The notion of a holiday from writing a column is difficult for some to understand. After all, the guy merely sits at his computer and types, or talks, depending on the level and quality of his technology.
It's an easy thing to do; right? Wrong! There are so many motivations governing one's desire and commitment in writing an op-ed column.
First, there is the time constraint - The Gleaner submission deadline and that's real.
Second, and perhaps more importantly, there is the word limit. Indeed, one of my late and unreservedly trusted friends for whose intellect and understanding of Jamaican polity and society I had the greatest regard, chided me for actually writing a column in the popular press - that was many years ago.
His reason was that I could never hope to truly get across and cover sometimes complex ideas and issues in 750 words. As a result, he opined, I'd always be under attack from those unable to fill in blanks the word limit would inevitably force me to generate. Then he argued, you know our Caribbean politicians are thin-skinned. Their egos hurt easily, so even when you might be seeking to assist with new ideas or a new way to consider a problem, they shall take it as a personal attack. His final point was: the tribal view shall prevail and you will be branded a propagandist.
My responses were altogether short and I think, to the point. I mentioned the pithy statement of Richard Feynman, the Manhattan Project (US World War II atomic bomb development) and Nobel Prize-winning physicist who maintained that if one really knew one's subject, one should be able to "explain it to the cleaning lady".
My other response could perhaps be characterised as potentially presumptuous: what of public education, shouldn't we offer considered views to people who may not have had the chance at higher education we had? Or who may not have the time available to contemplate thorny issues, or do not have the experiences we've encountered in life?
To this, he argued, though I always doubted he believed it himself, that these notions were pie in the sky! Anyway, I am back and hoping you missed me.
I took some time to travel around Jamaica and must tell you the new highways seem to be very well constructed, making travel across the parts of the country they serve less time-consuming. Yet, I must avoid it if I want the Old Harbour fish-and-bammy experience. You know, on my first ever pass through Old Harbour while at Mona, I was convinced I had encountered a new 'breed' of dog. This breed was distinct not for anything to do with their coat, colour, physical appearance, capacity for retrieving, scent perception or herding sheep.
These animals were unique rather, for the way they handled fish bones with a skill I thought exclusively reserved for creatures of the sea. Should anyone have attempted to throw a fish bone to my Belgian or German Shepherds I would have had a fit. Not so for them.
One thing though, we must work on our signage. Not the beautiful ones that have words like "Trespassers will be Persecuted", or "SOUPIES Fish Café - Yes SAH!"
The ones that are missing: like how does one get to Savanna-la-Mar; which way to turn.
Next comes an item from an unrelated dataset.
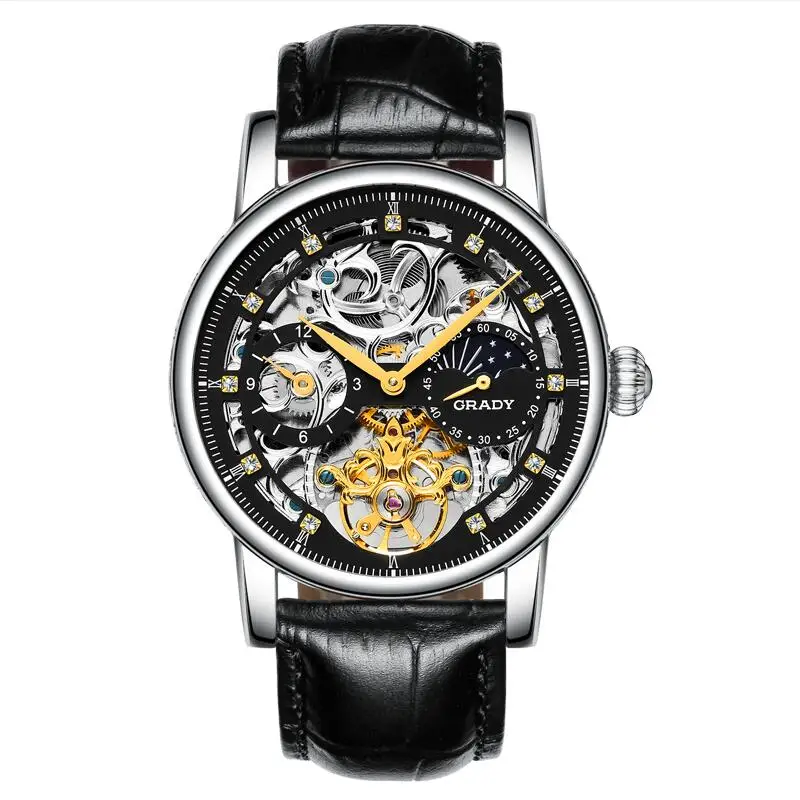 Tourbillon Бизнес мужские часы лучший бренд класса люкс противоударный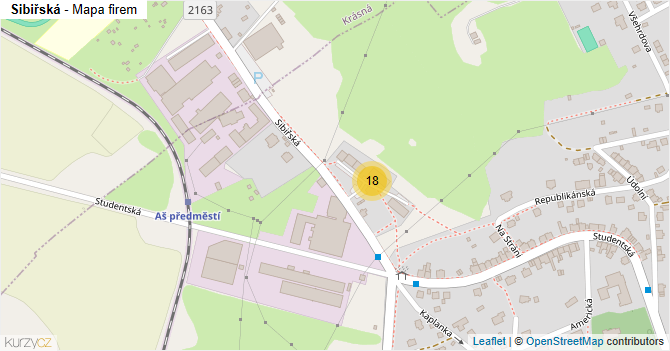 Sibiřská - mapa firem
For a partly tourism-centred destination, this is unsustainable since not even Kingston and St Andrew-based Jamaicans know their way around 'country'!
Next week, I shall comment on the interesting development in corporate financial recovery and finance arrangements after meltdown - the proposed Black Sand bid for the Lascelles group, now part of the holdings compulsorily acquired by the Trinidad and Tobago government after the CL Financial implosion.
Apparently not enough has been learnt from Jamaica's travails with its mid-1996 domestic financial services meltdown.
With pending or ongoing litigation, significant assets of the CL Financial group may fall on the block for less than a calypso king's soca song.